[ABOUT THIS TASK]
Output each record verbatim, with pictures left out.

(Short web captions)
((

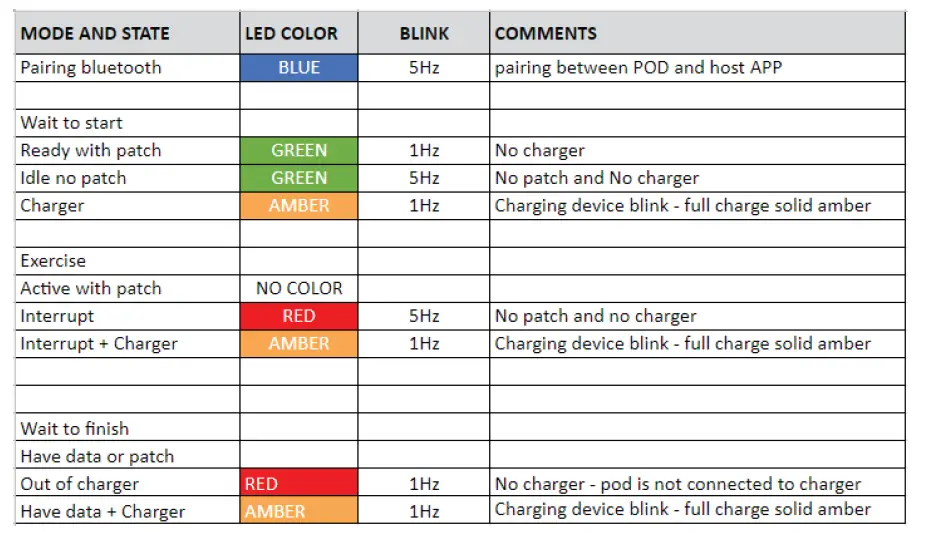 NIX-Hydration-Biosensor-POD-FIG-17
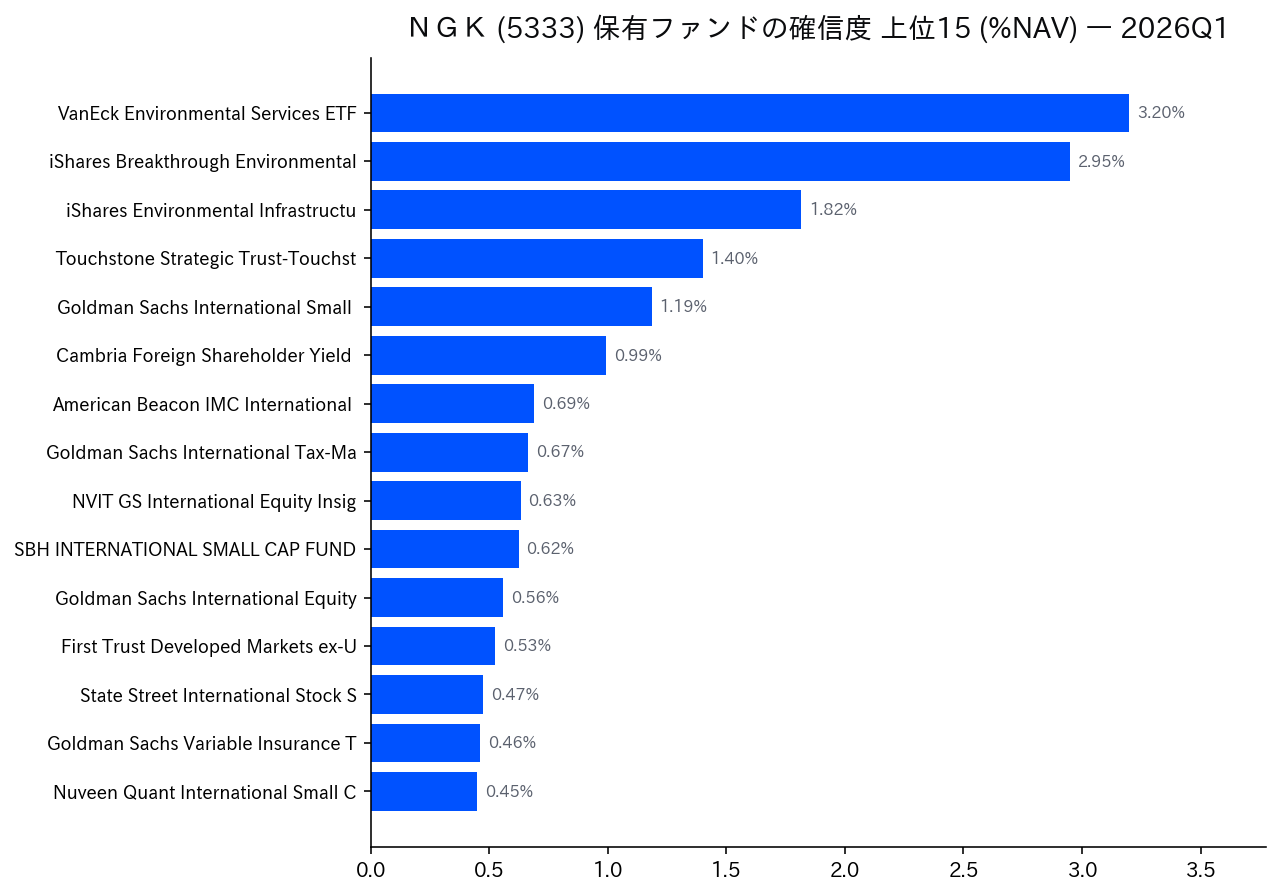 保有ファンドの確信度 上位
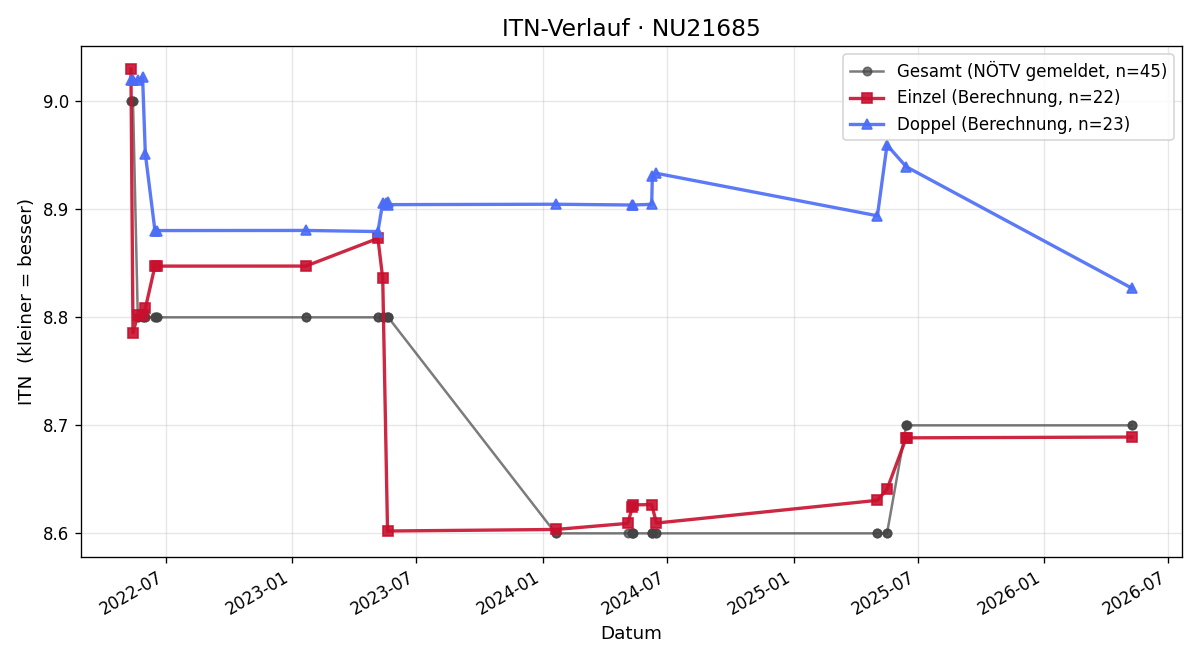 ITN-Verlauf Alfred Kapfenberger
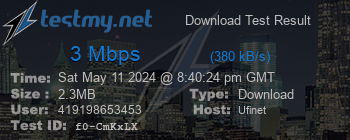 Speed Test Result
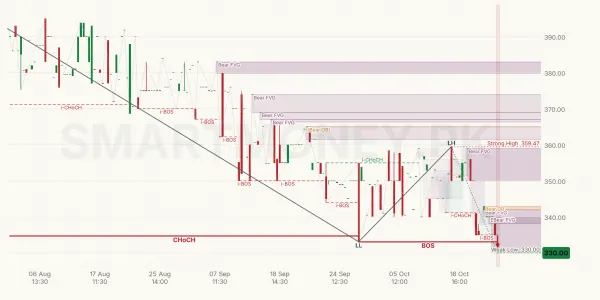 SHSML chart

))

[PROBLEM SOLUTION]
 NIX-Hydration-Biosensor-POD-FIG-17
 保有ファンドの確信度 上位
 ITN-Verlauf Alfred Kapfenberger
 Speed Test Result
 SHSML chart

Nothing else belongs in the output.